Among the entries that follow, locate the line with "foodanatomylrg.jpg" and the line with "La Roche Posay Thermalwasser Spray 300 ml". Output those lines and all lines in between, exactly, minus the pictures.
=== Section Start ===
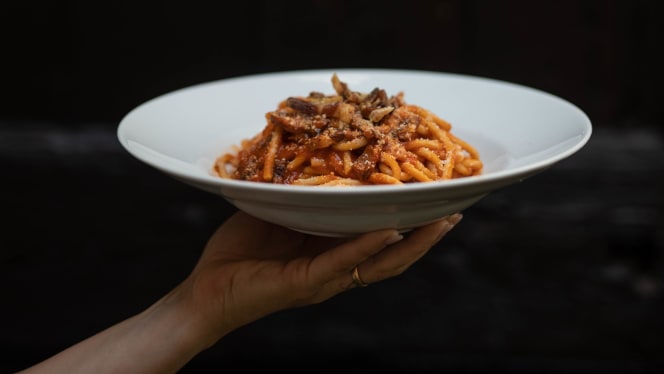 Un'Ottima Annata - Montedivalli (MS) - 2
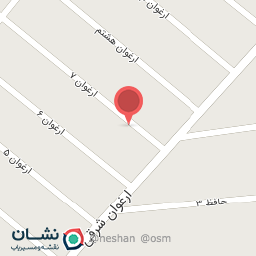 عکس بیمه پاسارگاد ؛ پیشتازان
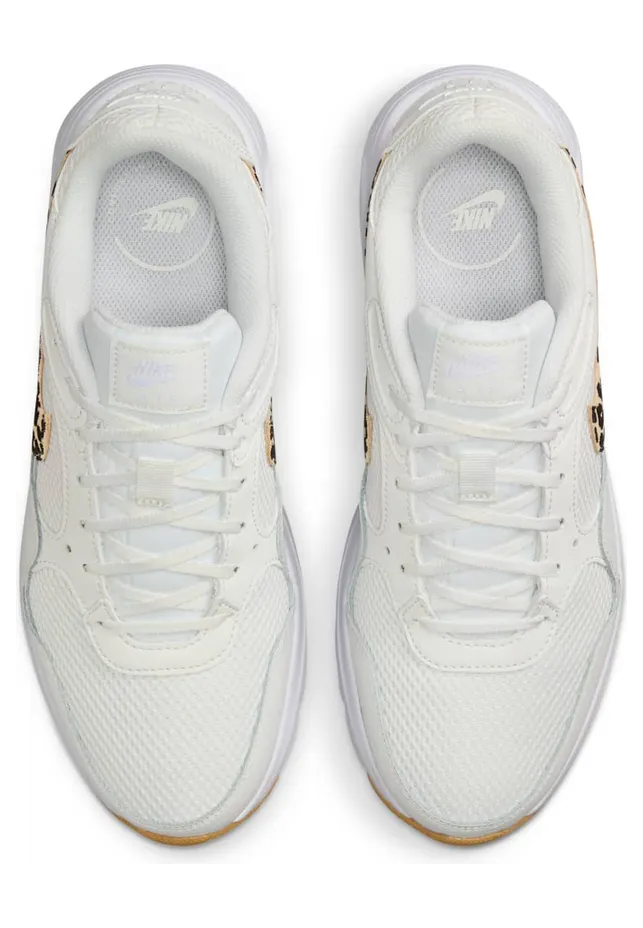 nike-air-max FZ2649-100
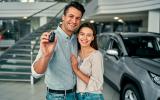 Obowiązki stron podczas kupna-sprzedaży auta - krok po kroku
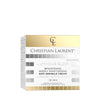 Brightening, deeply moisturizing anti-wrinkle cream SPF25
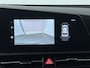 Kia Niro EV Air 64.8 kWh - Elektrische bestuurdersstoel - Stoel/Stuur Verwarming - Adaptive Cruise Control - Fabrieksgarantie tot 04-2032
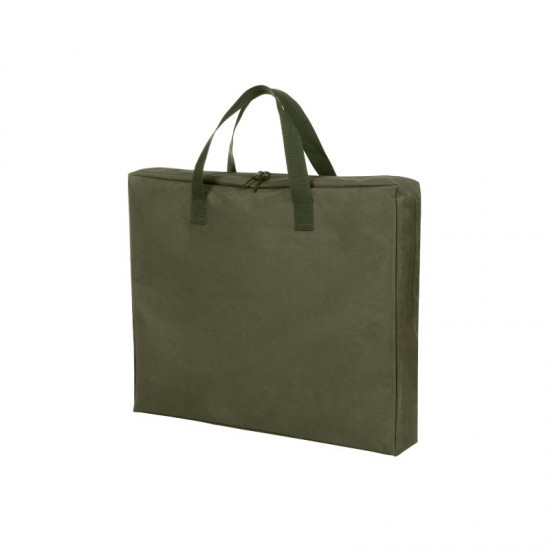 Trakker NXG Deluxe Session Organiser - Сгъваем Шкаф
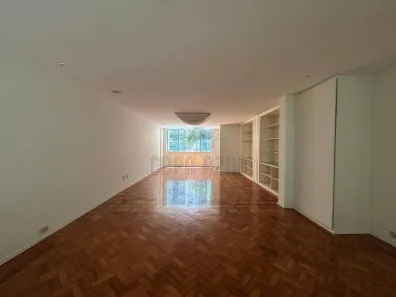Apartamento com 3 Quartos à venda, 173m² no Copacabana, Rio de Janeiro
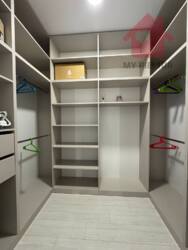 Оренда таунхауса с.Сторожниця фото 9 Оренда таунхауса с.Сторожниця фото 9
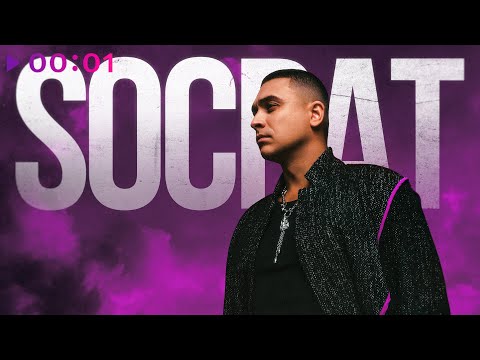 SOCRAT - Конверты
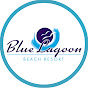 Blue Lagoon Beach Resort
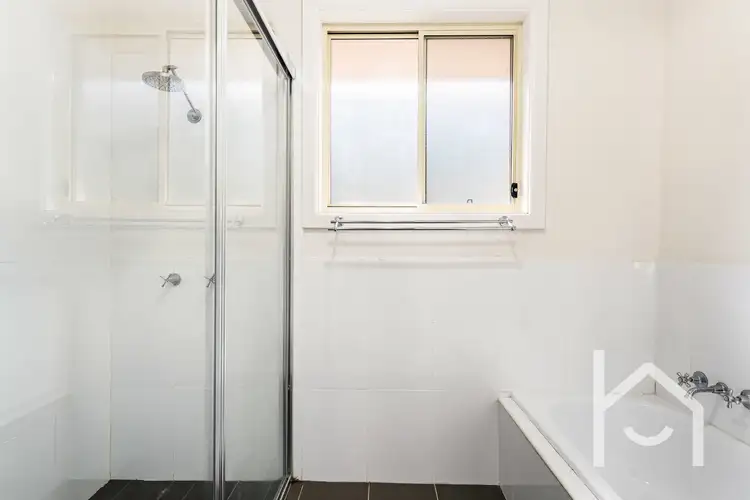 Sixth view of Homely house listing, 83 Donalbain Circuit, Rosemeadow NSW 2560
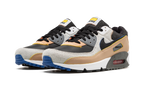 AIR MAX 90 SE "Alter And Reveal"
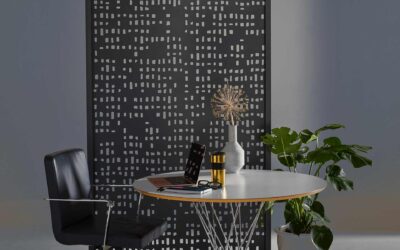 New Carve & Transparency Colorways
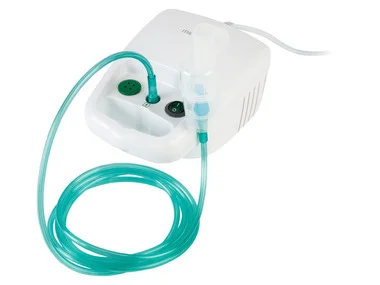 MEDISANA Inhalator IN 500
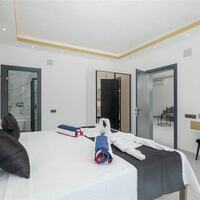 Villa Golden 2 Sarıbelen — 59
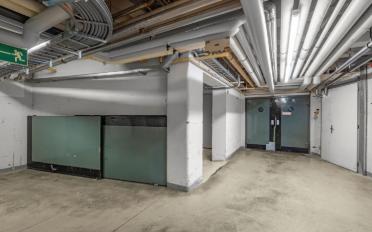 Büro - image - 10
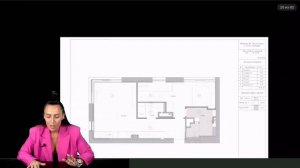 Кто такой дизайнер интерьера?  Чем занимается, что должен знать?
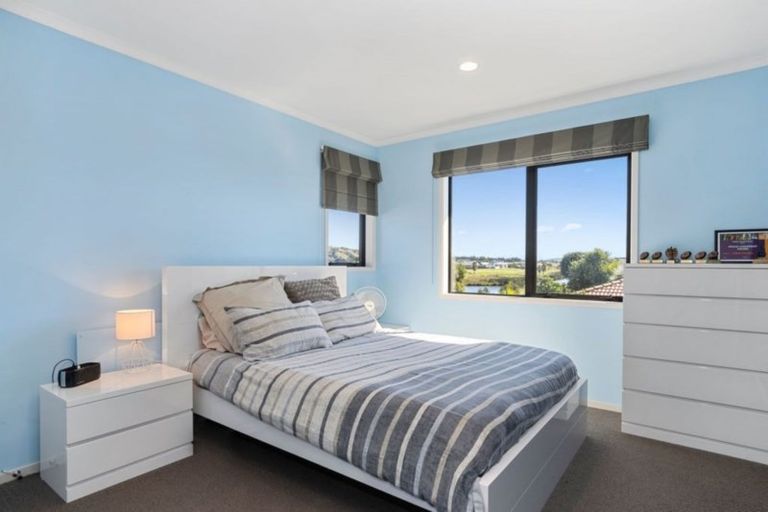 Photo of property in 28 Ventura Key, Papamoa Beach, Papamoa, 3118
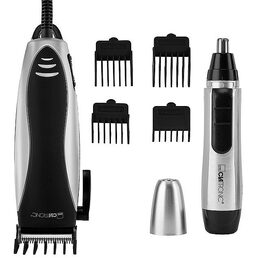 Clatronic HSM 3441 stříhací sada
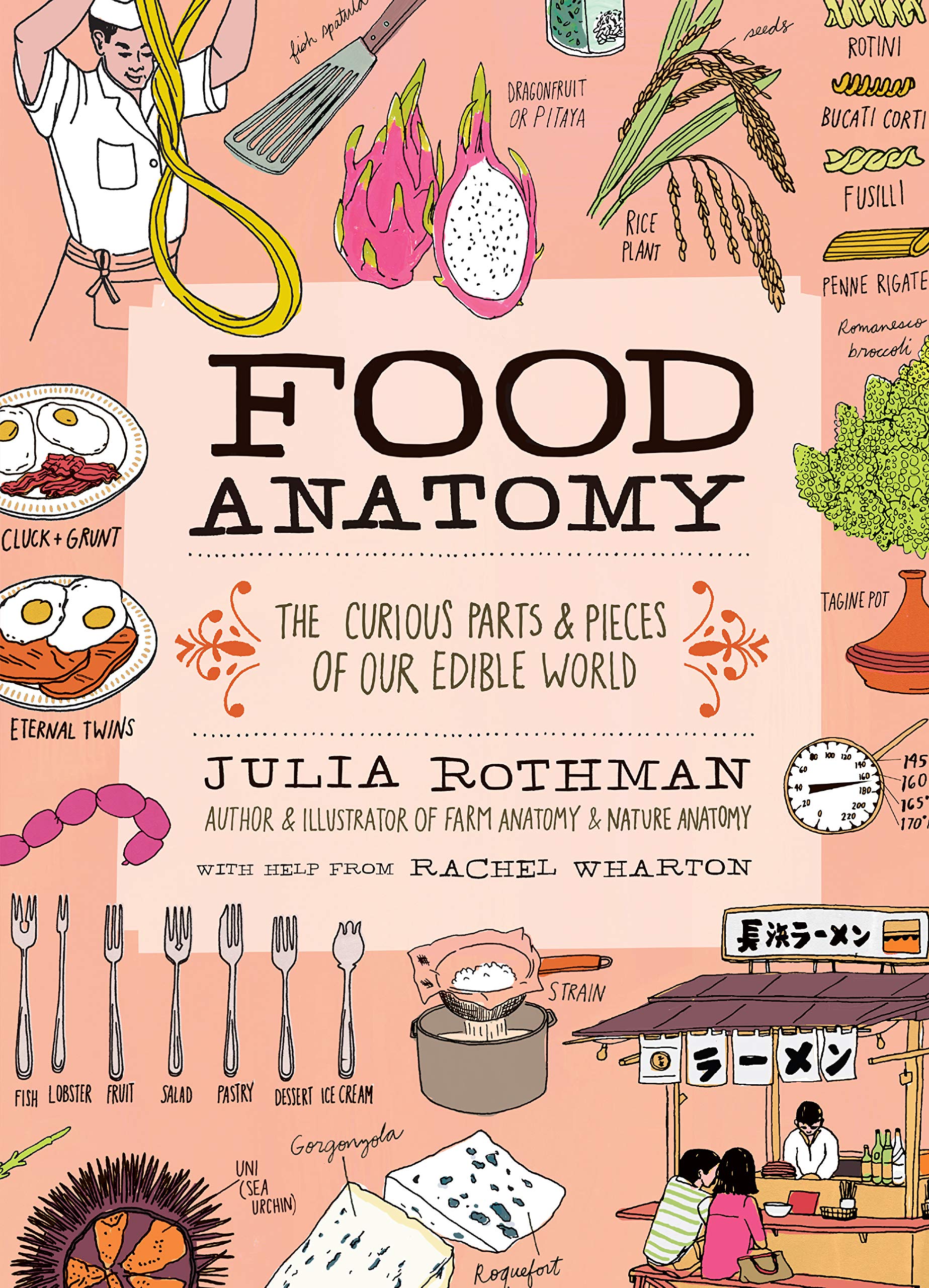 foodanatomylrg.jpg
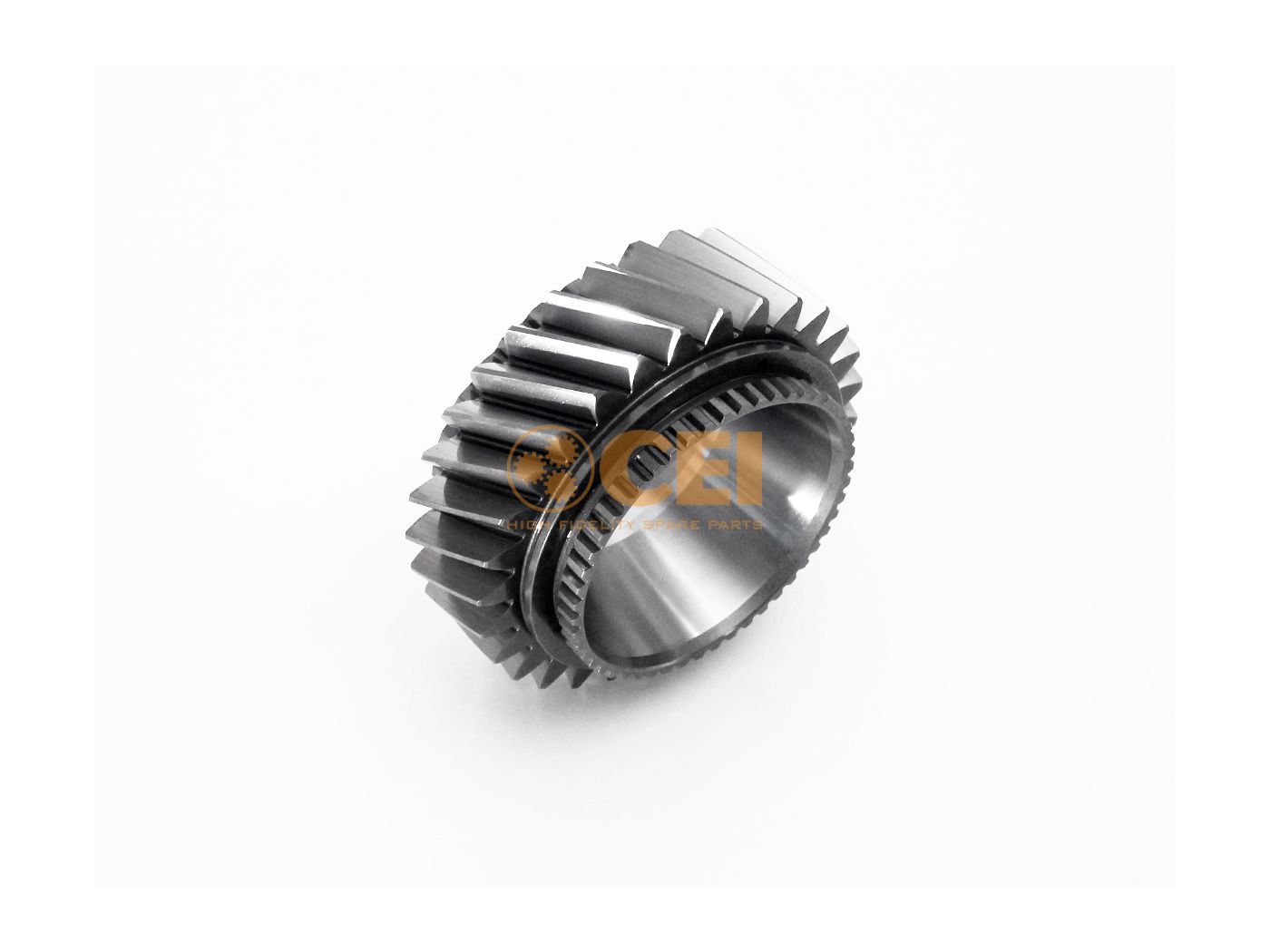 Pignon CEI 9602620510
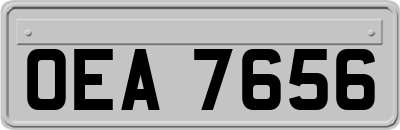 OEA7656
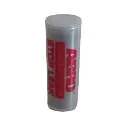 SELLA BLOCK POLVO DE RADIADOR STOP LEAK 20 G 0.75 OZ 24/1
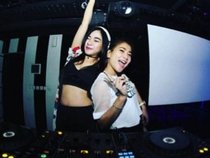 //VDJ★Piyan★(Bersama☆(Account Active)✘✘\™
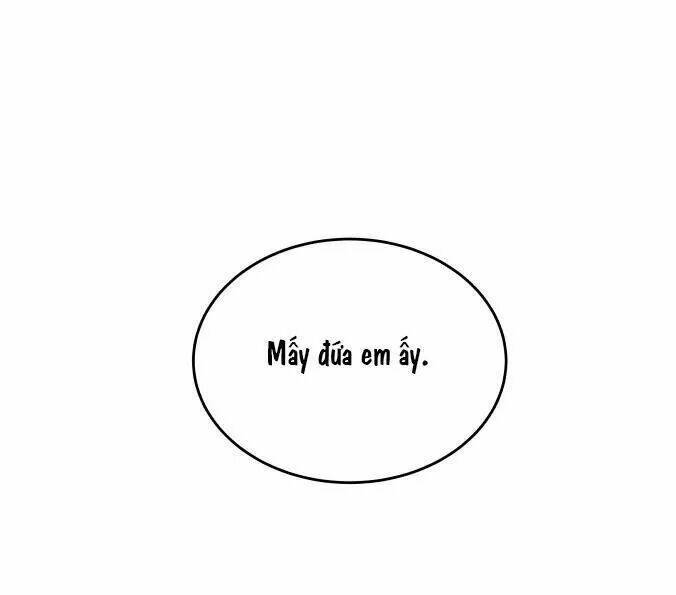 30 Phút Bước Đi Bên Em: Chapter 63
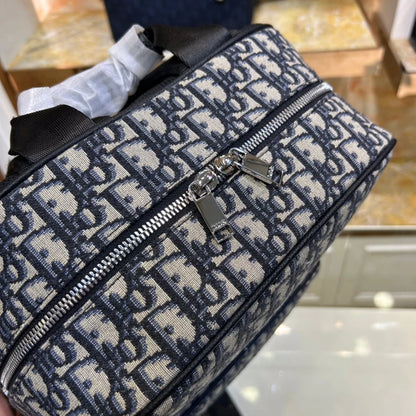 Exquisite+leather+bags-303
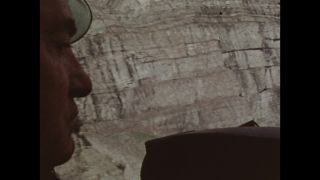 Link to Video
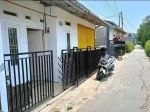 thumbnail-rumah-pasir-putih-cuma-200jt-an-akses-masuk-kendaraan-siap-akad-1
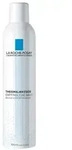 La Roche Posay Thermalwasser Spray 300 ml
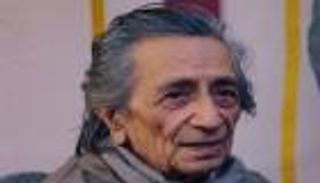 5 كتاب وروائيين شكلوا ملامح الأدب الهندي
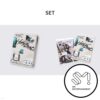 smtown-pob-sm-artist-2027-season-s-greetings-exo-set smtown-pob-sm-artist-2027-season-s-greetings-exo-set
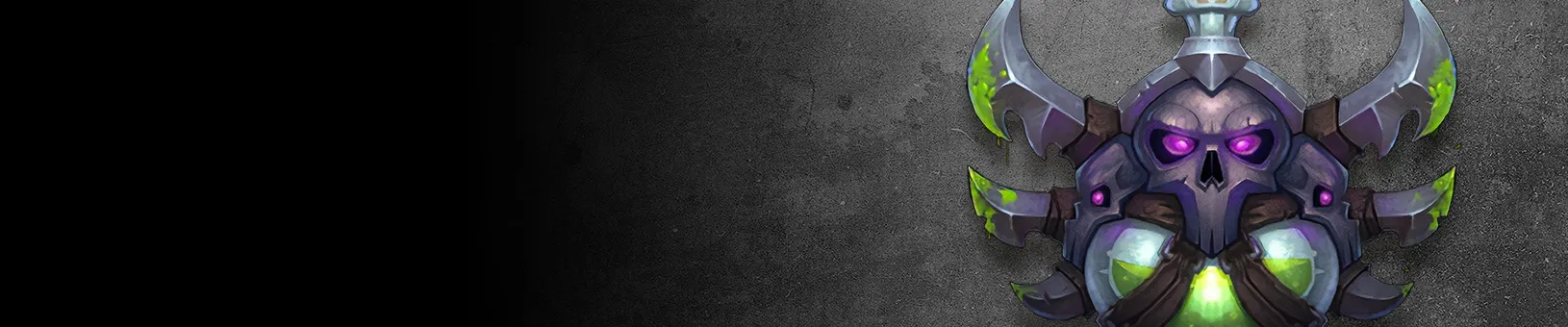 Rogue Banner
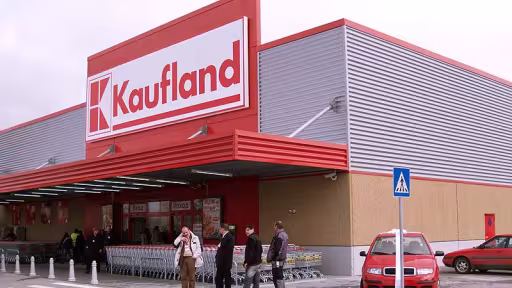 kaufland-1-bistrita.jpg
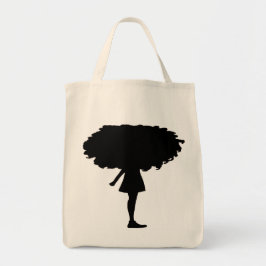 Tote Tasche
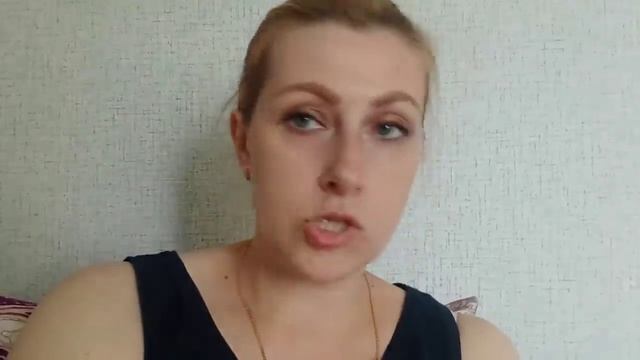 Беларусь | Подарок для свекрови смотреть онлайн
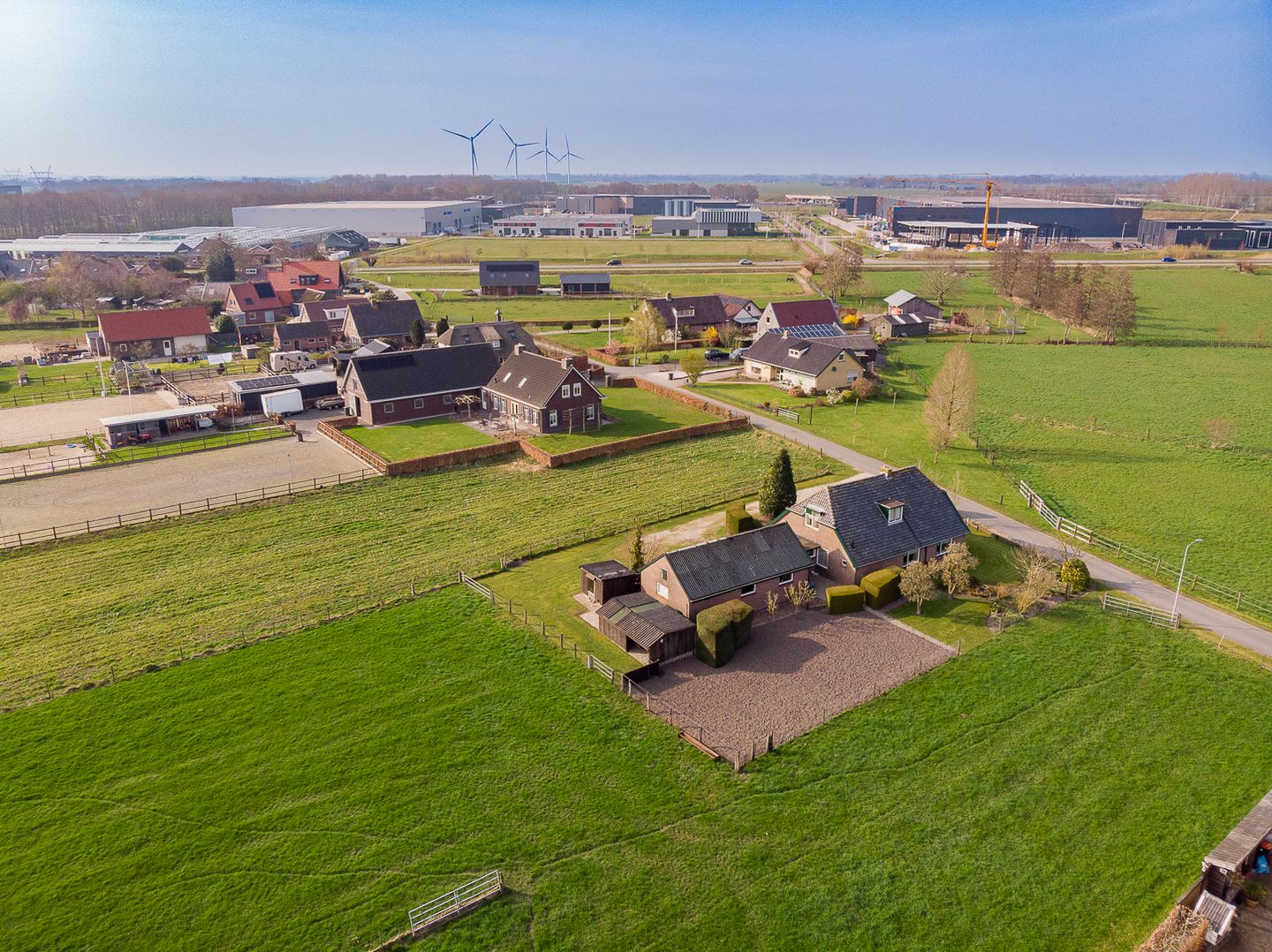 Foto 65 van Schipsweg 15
=== Section End ===
## Exercise solution
 foodanatomylrg.jpg
 Pignon CEI 9602620510
 OEA7656
 SELLA BLOCK POLVO DE RADIADOR STOP LEAK 20 G 0.75 OZ 24/1
 //VDJ★Piyan★(Bersama☆(Account Active)✘✘\™
 30 Phút Bước Đi Bên Em: Chapter 63
 Exquisite+leather+bags-303
 Link to Video
 thumbnail-rumah-pasir-putih-cuma-200jt-an-akses-masuk-kendaraan-siap-akad-1
 La Roche Posay Thermalwasser Spray 300 ml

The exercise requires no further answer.